• [REQUIREMENT]
Determine how many lines of the data below contain "dans", then give only that number.
== Segment start ==
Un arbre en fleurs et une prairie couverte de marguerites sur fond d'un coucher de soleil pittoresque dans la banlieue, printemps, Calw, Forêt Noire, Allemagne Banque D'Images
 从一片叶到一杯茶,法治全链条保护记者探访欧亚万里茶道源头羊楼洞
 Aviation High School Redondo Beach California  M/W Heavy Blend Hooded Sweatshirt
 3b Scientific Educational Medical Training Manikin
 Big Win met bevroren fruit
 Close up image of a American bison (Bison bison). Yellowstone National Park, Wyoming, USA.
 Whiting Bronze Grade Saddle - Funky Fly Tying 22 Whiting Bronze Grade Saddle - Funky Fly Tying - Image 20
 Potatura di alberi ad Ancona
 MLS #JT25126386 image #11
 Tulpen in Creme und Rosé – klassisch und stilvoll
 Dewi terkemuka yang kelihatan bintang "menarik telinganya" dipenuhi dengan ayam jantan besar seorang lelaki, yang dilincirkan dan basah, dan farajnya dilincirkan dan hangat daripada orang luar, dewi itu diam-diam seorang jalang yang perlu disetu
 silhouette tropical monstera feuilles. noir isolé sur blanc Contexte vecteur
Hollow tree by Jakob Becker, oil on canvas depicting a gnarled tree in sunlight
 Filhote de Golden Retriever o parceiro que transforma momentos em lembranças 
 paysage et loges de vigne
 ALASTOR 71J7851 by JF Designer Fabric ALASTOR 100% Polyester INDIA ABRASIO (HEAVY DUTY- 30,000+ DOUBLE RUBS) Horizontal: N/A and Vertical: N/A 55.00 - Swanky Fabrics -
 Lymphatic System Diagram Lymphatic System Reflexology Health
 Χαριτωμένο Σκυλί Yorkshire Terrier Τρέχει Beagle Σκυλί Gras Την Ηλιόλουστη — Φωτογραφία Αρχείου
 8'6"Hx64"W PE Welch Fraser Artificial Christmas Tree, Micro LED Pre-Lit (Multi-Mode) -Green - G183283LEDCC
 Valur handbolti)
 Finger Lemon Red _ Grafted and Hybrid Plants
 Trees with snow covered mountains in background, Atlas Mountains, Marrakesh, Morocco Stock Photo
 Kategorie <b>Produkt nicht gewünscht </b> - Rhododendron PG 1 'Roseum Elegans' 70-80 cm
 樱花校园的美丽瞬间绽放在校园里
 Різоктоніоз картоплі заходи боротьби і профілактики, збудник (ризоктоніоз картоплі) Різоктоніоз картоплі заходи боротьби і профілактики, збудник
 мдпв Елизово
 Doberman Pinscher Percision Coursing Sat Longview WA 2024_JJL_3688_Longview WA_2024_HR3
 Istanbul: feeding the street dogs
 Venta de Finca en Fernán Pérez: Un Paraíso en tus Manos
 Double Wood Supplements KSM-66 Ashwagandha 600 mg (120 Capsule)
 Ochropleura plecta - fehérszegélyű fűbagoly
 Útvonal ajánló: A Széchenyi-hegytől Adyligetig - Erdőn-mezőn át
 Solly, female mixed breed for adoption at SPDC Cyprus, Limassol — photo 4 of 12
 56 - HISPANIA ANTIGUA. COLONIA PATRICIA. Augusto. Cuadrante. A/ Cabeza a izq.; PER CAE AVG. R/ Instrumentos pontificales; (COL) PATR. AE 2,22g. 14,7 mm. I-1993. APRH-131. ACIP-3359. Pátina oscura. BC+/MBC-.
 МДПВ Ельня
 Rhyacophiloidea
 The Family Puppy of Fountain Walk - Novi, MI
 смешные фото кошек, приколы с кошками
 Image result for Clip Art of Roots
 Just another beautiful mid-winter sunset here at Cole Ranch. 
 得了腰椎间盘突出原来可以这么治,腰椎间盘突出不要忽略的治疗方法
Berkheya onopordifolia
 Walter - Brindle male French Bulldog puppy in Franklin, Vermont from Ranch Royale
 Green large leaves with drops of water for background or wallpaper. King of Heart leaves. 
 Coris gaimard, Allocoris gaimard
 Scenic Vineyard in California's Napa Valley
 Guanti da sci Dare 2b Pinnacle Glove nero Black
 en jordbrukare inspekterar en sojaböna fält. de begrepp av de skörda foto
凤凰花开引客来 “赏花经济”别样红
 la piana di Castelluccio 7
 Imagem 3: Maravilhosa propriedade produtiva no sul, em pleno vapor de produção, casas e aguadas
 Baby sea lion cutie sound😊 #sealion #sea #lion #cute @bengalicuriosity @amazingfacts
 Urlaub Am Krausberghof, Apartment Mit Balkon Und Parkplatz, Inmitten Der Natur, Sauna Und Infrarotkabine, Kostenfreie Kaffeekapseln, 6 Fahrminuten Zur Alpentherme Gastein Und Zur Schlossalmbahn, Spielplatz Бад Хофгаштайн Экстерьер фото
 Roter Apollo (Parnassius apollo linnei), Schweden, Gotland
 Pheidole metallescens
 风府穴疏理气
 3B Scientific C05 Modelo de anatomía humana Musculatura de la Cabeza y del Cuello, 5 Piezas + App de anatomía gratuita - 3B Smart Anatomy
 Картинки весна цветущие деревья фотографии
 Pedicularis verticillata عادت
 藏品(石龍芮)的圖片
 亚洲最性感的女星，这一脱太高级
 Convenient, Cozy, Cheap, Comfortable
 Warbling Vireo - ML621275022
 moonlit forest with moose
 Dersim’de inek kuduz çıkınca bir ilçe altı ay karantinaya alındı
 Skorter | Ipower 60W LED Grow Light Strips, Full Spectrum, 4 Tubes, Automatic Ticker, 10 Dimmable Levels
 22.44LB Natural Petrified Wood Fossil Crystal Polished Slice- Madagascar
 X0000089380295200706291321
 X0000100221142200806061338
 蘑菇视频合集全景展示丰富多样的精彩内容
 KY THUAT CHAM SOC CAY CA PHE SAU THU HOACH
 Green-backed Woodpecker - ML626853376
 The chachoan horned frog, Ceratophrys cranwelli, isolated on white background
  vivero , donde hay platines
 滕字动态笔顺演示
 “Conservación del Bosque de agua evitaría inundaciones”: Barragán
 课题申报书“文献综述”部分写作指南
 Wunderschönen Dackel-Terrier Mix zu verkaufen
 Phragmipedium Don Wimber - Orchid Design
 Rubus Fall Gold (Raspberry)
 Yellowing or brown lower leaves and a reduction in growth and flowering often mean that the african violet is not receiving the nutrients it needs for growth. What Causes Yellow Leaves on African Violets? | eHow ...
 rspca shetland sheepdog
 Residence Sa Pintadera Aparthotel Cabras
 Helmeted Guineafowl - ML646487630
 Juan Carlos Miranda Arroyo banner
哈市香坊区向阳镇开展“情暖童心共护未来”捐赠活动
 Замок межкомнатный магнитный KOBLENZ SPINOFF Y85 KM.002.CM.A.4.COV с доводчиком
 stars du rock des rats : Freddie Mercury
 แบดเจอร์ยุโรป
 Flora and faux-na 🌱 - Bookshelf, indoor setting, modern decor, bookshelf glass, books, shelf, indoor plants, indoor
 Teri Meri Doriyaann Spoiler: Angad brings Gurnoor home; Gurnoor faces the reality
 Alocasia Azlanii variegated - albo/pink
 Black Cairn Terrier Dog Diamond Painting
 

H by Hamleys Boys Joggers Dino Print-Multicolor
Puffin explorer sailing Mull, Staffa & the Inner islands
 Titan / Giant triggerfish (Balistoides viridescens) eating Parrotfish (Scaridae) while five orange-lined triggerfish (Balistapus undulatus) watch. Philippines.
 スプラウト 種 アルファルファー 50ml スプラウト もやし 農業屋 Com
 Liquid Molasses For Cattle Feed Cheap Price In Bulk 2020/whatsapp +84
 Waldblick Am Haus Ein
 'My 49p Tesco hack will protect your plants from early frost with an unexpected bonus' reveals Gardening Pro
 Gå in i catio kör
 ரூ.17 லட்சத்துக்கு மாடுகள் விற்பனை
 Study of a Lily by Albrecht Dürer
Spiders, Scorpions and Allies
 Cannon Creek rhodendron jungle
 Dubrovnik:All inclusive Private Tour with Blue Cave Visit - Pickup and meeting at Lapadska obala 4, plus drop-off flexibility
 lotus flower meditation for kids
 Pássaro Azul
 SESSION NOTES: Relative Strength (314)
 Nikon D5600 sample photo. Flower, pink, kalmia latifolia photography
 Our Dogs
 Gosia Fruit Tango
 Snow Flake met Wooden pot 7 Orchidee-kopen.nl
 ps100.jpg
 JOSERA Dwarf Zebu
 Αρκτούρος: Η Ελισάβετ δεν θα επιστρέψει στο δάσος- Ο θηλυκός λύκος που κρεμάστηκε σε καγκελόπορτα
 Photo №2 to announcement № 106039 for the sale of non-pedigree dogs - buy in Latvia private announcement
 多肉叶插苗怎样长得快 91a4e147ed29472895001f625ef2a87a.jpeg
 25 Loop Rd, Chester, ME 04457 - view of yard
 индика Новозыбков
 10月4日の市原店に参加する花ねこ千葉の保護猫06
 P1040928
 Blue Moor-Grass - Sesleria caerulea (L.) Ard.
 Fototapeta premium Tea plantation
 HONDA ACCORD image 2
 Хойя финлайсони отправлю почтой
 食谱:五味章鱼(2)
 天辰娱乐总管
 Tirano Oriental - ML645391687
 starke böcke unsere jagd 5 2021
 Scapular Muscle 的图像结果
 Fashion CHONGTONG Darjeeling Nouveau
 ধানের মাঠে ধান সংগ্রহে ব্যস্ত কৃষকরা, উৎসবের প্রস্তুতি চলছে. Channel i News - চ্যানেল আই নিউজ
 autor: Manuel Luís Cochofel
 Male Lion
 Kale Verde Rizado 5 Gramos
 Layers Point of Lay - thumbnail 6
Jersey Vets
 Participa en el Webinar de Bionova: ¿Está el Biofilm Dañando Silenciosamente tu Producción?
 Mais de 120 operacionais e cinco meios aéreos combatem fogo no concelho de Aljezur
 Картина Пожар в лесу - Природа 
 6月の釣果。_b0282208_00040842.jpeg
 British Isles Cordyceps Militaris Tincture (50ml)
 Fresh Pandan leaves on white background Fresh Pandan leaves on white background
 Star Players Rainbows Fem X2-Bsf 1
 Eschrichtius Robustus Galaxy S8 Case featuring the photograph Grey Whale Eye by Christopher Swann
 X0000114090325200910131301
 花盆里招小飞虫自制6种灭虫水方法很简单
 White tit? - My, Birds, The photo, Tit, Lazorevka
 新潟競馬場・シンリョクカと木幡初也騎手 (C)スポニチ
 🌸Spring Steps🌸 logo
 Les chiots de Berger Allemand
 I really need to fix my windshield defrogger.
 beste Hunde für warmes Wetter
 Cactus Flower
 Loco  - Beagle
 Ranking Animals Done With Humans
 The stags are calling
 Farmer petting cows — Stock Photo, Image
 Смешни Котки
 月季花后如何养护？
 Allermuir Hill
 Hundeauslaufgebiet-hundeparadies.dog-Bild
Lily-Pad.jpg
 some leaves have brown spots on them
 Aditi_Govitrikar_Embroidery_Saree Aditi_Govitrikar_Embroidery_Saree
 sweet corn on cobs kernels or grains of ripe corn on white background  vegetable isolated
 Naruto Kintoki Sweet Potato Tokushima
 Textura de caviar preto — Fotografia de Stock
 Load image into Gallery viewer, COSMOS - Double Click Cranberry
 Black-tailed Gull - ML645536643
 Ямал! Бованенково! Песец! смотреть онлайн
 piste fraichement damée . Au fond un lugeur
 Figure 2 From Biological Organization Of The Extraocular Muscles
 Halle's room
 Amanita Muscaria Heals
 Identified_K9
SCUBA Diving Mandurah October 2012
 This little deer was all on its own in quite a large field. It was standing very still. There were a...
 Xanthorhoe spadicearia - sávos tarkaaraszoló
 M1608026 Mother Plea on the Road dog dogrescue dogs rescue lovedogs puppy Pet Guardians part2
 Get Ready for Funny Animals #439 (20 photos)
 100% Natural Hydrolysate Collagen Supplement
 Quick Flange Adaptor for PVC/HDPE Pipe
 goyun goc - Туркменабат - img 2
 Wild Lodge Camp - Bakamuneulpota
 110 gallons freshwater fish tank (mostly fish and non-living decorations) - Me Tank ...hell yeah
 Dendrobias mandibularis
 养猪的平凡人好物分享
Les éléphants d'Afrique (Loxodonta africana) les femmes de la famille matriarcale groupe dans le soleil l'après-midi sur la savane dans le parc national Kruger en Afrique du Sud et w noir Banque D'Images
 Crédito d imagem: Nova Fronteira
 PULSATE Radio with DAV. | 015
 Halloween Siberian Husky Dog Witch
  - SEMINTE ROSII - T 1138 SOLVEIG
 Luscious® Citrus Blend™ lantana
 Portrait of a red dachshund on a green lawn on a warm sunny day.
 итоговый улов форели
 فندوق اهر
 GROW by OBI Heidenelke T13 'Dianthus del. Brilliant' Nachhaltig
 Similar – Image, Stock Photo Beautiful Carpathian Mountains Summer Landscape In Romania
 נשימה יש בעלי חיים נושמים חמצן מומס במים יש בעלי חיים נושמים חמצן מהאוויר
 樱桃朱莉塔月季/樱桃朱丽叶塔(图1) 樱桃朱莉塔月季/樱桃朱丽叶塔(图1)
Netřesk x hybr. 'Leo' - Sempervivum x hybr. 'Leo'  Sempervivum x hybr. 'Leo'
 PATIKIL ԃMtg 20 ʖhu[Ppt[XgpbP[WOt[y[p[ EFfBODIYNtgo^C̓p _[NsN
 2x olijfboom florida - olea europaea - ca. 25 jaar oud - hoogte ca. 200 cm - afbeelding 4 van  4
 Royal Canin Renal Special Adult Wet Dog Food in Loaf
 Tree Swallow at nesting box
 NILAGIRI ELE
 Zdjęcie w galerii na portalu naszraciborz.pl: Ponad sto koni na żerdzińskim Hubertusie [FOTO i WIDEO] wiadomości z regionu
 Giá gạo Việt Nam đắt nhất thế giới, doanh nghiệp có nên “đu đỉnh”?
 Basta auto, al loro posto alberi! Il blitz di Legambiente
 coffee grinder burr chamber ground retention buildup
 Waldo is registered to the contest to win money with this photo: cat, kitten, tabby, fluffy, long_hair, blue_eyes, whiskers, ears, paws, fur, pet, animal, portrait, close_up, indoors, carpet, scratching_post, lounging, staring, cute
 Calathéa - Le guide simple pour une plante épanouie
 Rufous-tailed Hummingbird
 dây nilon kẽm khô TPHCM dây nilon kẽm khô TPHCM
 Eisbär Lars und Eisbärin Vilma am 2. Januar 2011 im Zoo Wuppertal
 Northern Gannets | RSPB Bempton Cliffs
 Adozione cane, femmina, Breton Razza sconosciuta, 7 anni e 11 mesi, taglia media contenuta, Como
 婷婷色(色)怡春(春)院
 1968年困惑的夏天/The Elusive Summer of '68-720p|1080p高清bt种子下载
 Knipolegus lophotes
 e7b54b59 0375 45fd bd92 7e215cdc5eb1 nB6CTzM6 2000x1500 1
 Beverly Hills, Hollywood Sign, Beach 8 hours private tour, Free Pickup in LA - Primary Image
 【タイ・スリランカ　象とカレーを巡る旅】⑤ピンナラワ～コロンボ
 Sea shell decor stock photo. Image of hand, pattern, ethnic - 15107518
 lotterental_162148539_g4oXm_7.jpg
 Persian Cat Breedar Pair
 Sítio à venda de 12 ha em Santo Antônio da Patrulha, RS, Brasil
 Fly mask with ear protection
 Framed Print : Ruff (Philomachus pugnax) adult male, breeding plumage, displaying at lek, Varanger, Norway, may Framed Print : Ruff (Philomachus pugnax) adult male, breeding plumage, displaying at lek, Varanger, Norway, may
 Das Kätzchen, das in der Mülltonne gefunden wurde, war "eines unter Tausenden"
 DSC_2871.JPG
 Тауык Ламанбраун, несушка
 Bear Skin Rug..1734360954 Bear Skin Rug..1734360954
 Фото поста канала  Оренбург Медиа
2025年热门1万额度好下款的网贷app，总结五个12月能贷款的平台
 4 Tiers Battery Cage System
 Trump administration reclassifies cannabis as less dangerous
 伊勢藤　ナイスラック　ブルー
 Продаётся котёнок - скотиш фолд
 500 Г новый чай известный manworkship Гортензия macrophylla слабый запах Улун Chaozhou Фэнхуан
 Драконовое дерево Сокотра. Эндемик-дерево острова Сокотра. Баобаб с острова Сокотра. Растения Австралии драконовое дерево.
== Segment end ==
• [ANSWER]
2